首先一定会丢数据,影响正确性,因为流数据是无限的,你不可能像Spark一样把所有数据replay一遍,即使source支持replay,比如kafka
所以对于Streaming的checkpoint分为两部分,RDD的cp和DStreamGraph的cp
对于RDD的cp和Spark是一致的,没有区别
下面谈谈对于DStreamGraph的cp,目的就是在StreamingContext被重启后,可以从cp中恢复出之前Graph的执行时状况
a. Graph对象是会整个被序列化到文件,而其中最关键的是outputStreams,看似这里只会persist最终的outputStreams,其实会persist整个graph上所有的DStream
因为在def dependencies: List[DStream[_]]会包含所有的上一层DStream,依次递归,就会包含所有的DStream对象
在恢复出DStream对象后,如何恢复当时的RDD状况,可以看到generatedRDDs是@transient的,并不会被persist
答案在DStream.DStreamCheckpointData中,通过currentCheckpointFiles可以记录下cp时,generatedRDDs中所有完成cp的RDD的(times,cpfilename)

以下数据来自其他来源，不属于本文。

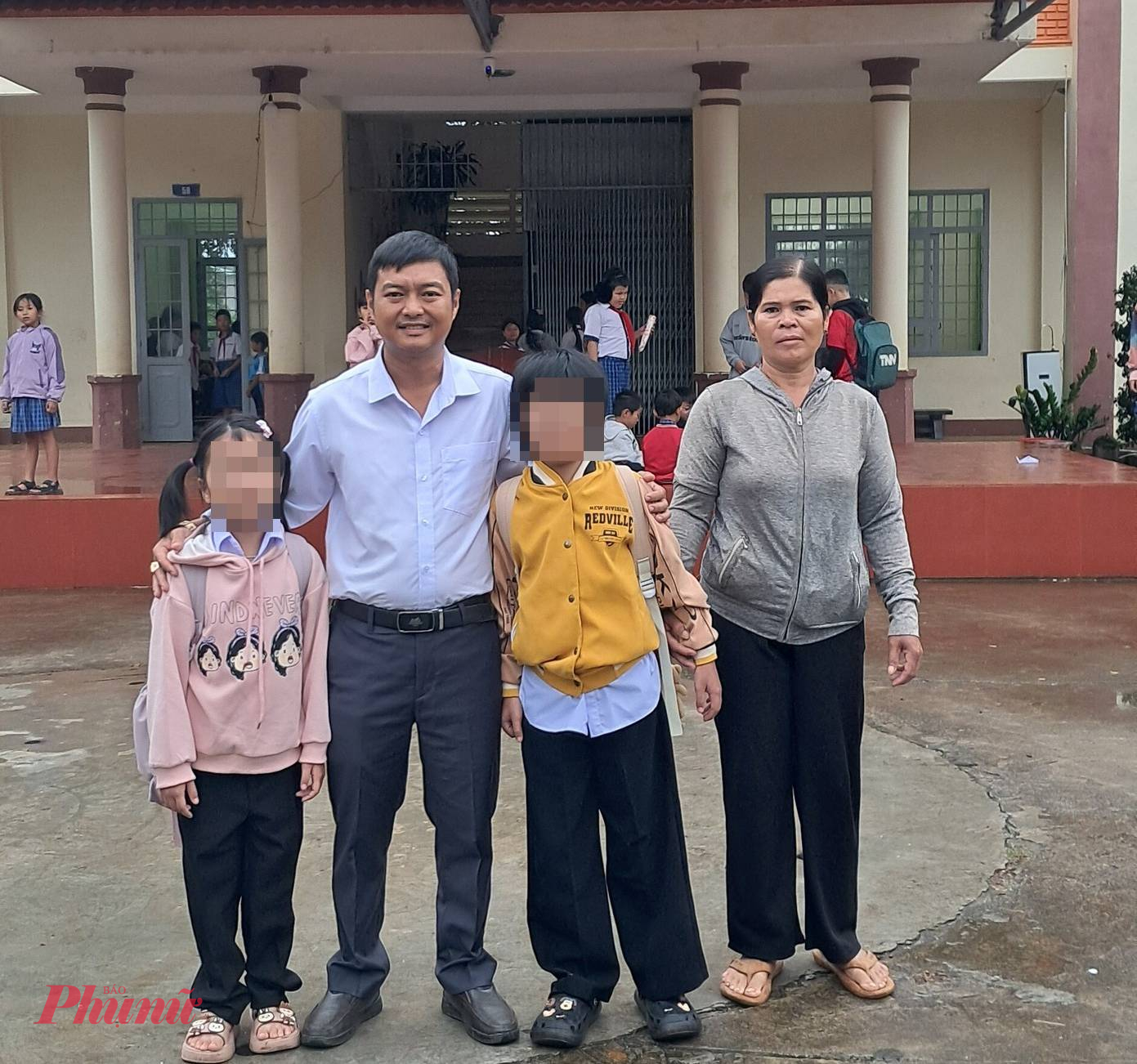 Nỗi khổ của người cha trong vụ xích 2 con của mình Chị em cháu H.H.N.N. đã được đi học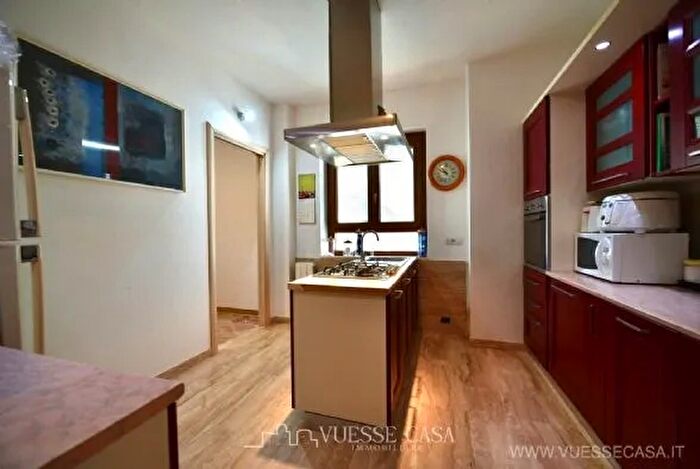 Appartamento con 7 locali in vendita in Via Catte Nuoro, Nuoro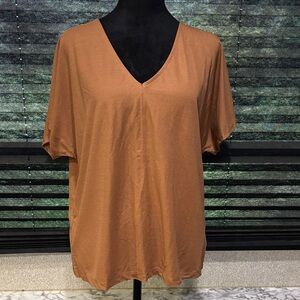 Studio B by Bobeau Women’s Camel Brown SS V-Neck‎ Boxy T-Shirt SZ Medium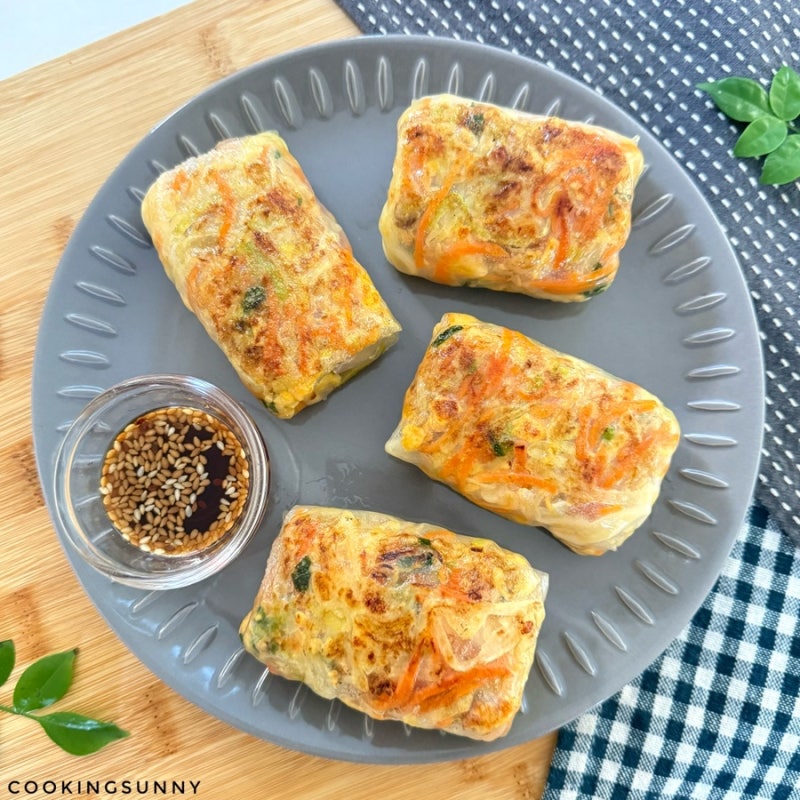 노릿노릿하게 구워서 정말 맛있는 다이어트 참치 계란 양배추 라이스페이퍼롤 만들기 건강....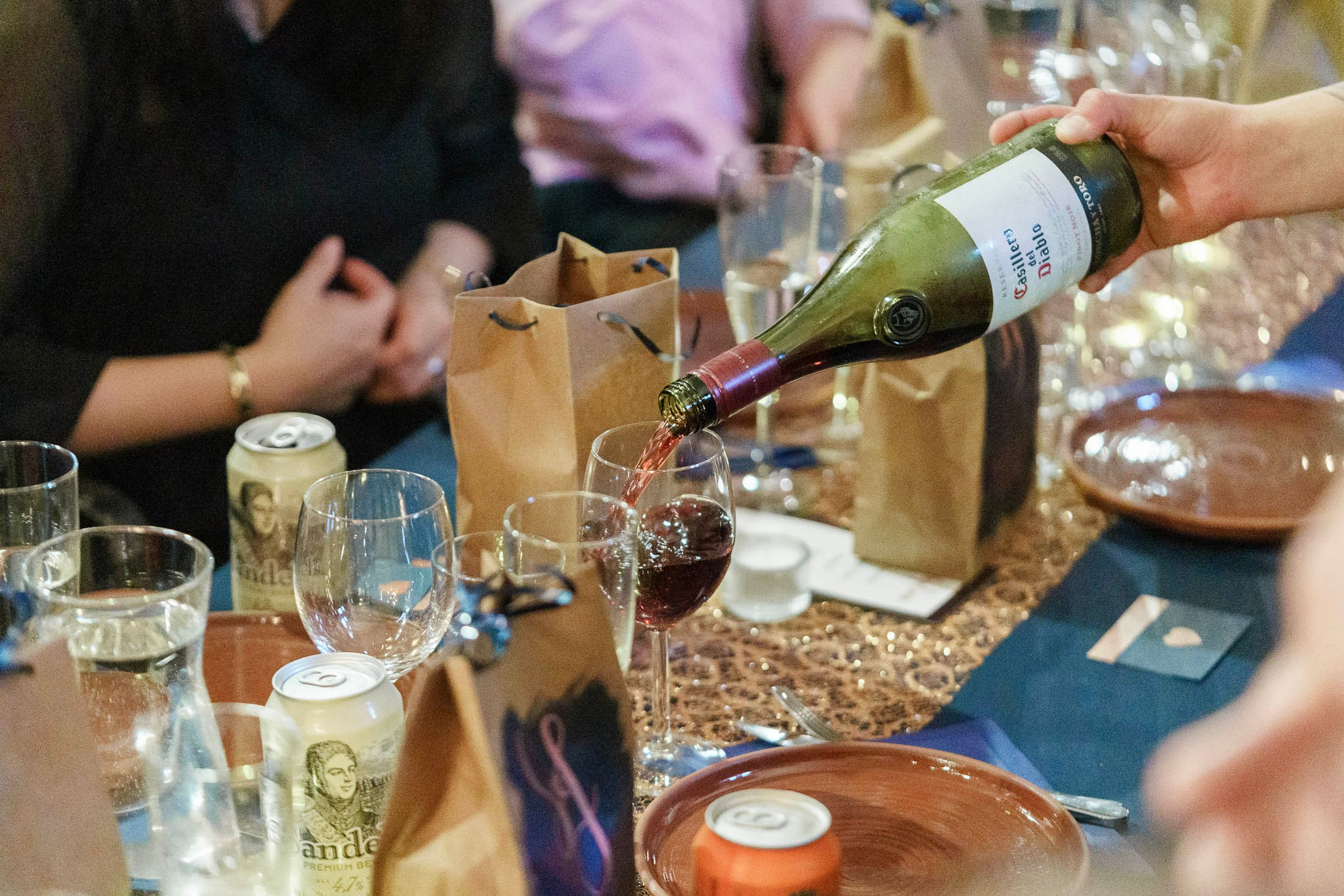 S&J, hääkuvaus Porvoon Tuomiokirkko ja Levinin kellari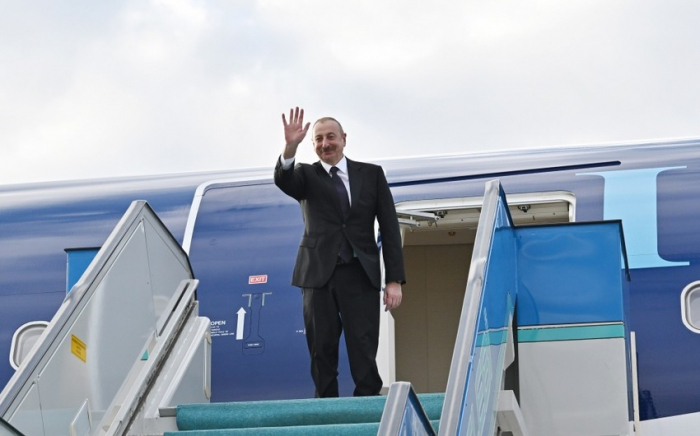  Finaliza la visita de Ilham Aliyev a Türkiye 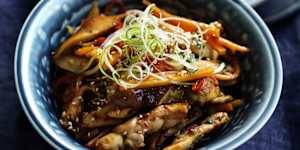 Stir-fried chicken with chilli sauce.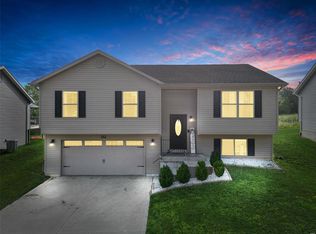 312 Touchdown Dr, Foristell, MO 63348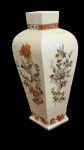 VISTA ALEGRE - Lindo vaso em porcelana Portuguesa branca , com pintura de flores e arabesco, mede 23x10x10 cm largura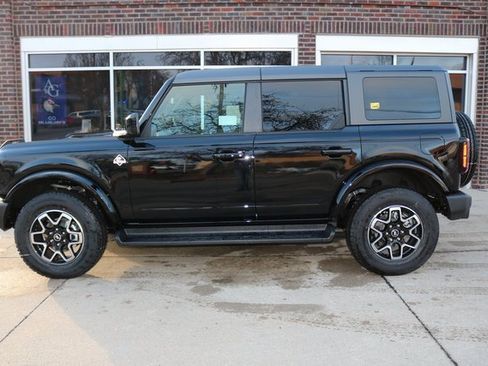 New 2025 Ford Bronco Outer Banks image 2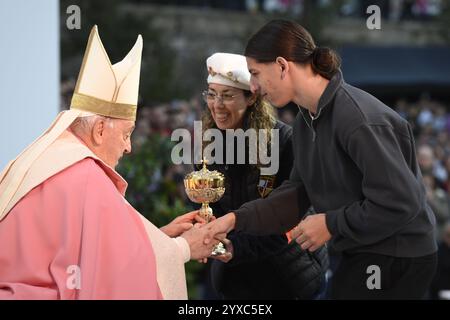 Frankreich, Frankreich. Dezember 2024. **NO LIBRI** Frankreich, Ajaccio, 2024/12/15 Papst Franziskus präsidiert eine Messe in Ajaccio 'Place d'Austerlitz' während seines Besuchs auf der französischen Insel Korsika Foto von VATIKANISCHEN MEDIEN /Katholische Presse Foto: Independent Photo Agency/Alamy Live News Stockfoto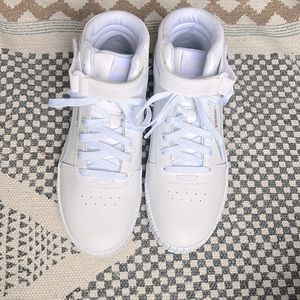 Puma - Carina Street Mid Women's Sneakers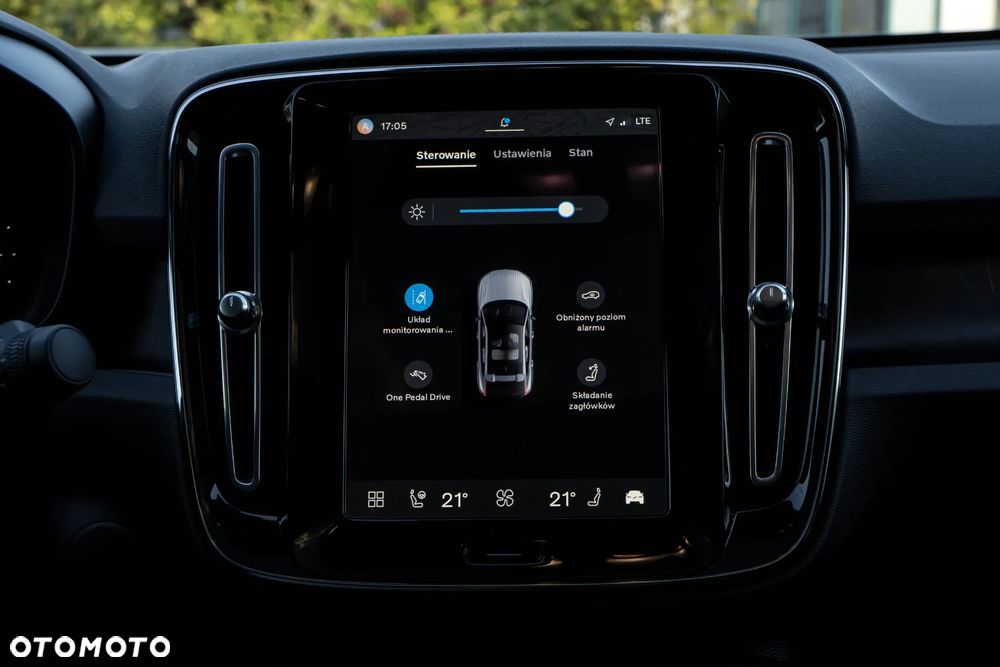 Volvo C40 Recharge Twin AWD Plus - 32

所以在恢复时只需要将RDD从cpfile中读出来,并加入到generatedRDDs即可
并且cpfile是需要清理的,当每次完成DStreamGraph的cp时,在该graph中的最老的RDD之前的所有RDD的cpfile都可以删掉,因为这些老的RDD不可能再被用到
b. 在Checkpoint对象中除了graph对象,还有该比较重要的是pendingTimes,这个记录在cp时,有多少的jobs没有被提交
这样当JobScheduler重新启动的时候会重新提交这些jobs,这里是at-least once逻辑,因为不知道在cp完多久后crash,所以其中某些job有可能已经被成功执行
创建cp的过程,
1. 在JobGenerator中,每次提交一组jobs到Spark后,会执行对DoCheckpoint将Checkpoint对象序列化写入文件(其中Checkpoint对象包含graph对象等信息)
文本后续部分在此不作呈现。